If the diagonals of $C$ are small (i.e. all features have low noise), meaning that the off-diagonal elements dominate $C$ , then FA approaches PCA.
If $n$ is very big, then the size of $C$ is also very big, and therefore the contribution of the diagonal elements is small compared to that of the off-diagonal elements, then once again PCA results approach FA. A good way to think about this is in terms of the residual reconstruction error picture -- when $n \to \infty$ , the residual error from PC-reconstruction becomes more isotropic, approaching that of FA.

When is $n$ large enough for PCA to approximate FA?

When the ratio $n / k$ , where $k$ is the expected number of latent factors, is big. Usually a ratio of 10 is a good threshold from simulation results. This also explains my past observations in neural data -- where the number of features is ~100 (number of neurons), and latent factors is ~10 (cursor/actuator position/velocity).

The other, more practical reason is simply that PCA is way more easier to compute!

If PCA approaches FA under large n, why use FA at all?

Beyond better model assumptions for the question investigation, FA formulations enables easier interpretation of shared covariances and its relationship with pairwise correlations.
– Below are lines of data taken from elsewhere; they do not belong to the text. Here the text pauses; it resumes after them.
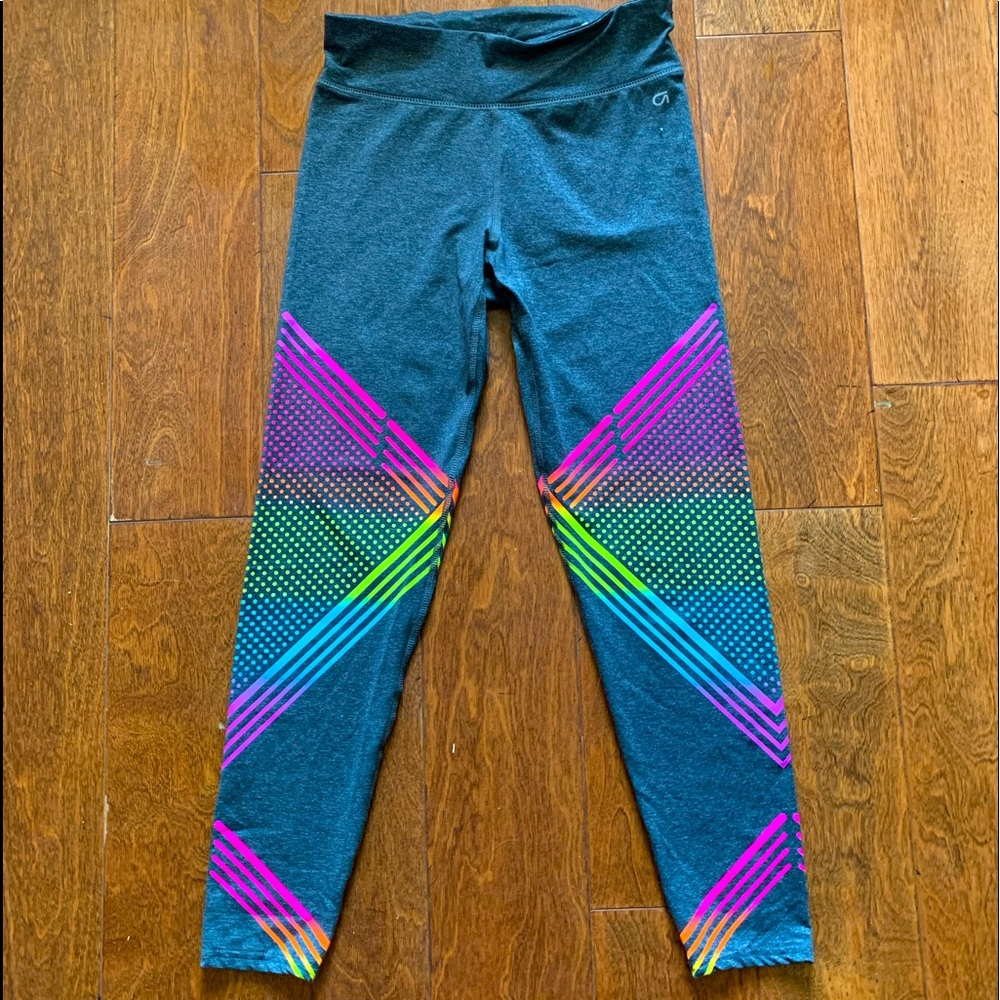 Gap fit Kids XL leggings gray/neon mix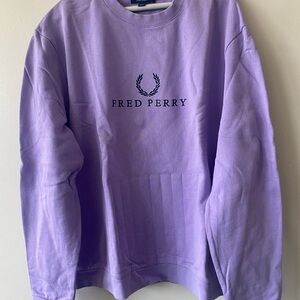 Fred Perry Men’s Purple Terry Crewneck Sweatshirt XL Embroidered Logo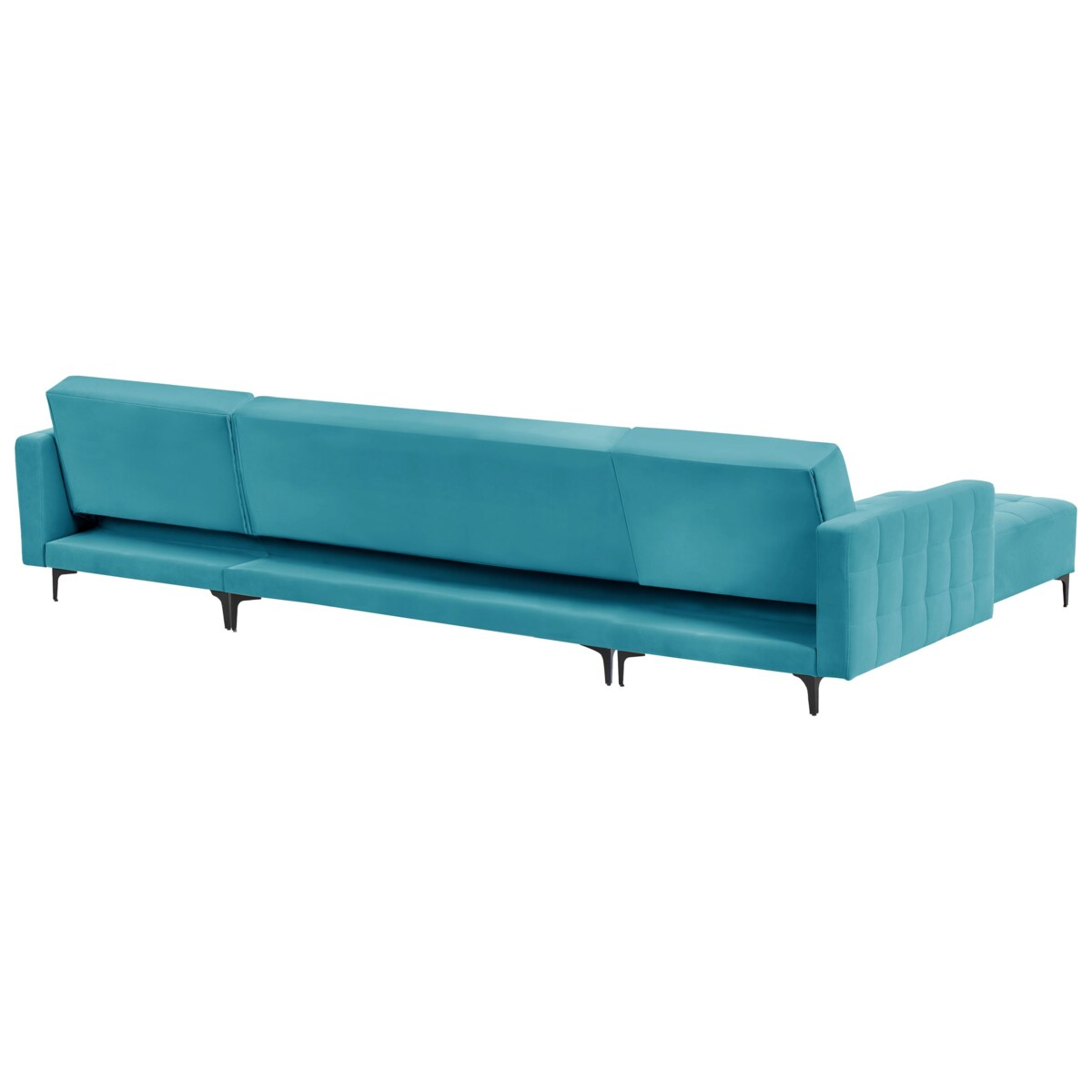 Narożnik rozkładany 5-osobowy welurowy morski ABERDEEN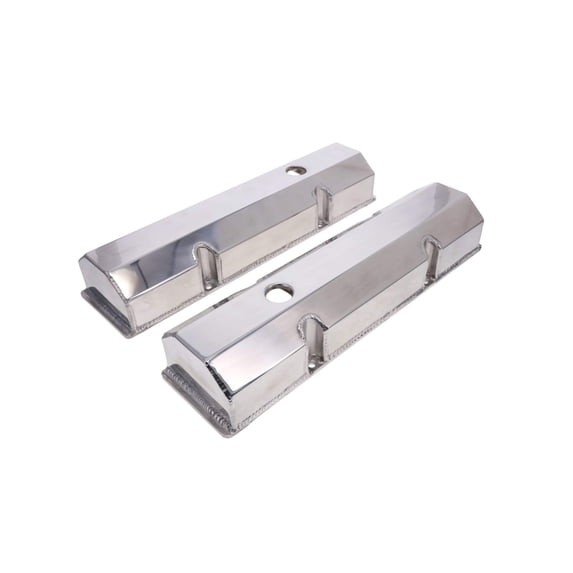 Short Bolt Aluminum Valve Covers w/ Breather for Chevy Small Block Polished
This was the key insight in Umakantha2021, for example.

Conclusions

PCA and FA differ in model assumptions, notably, FA assumes the data is generated by some underyling latent factors.
PCA seems to approximate the data distribution while minimizing the diagonal reconstruction errors of the covariance matrix, while FA seeks to minimize the offdiagonal reconstruction errors of the covariance matrix.
PCA approaches FA results when the number of features is big compared to the assumed number of latent factors.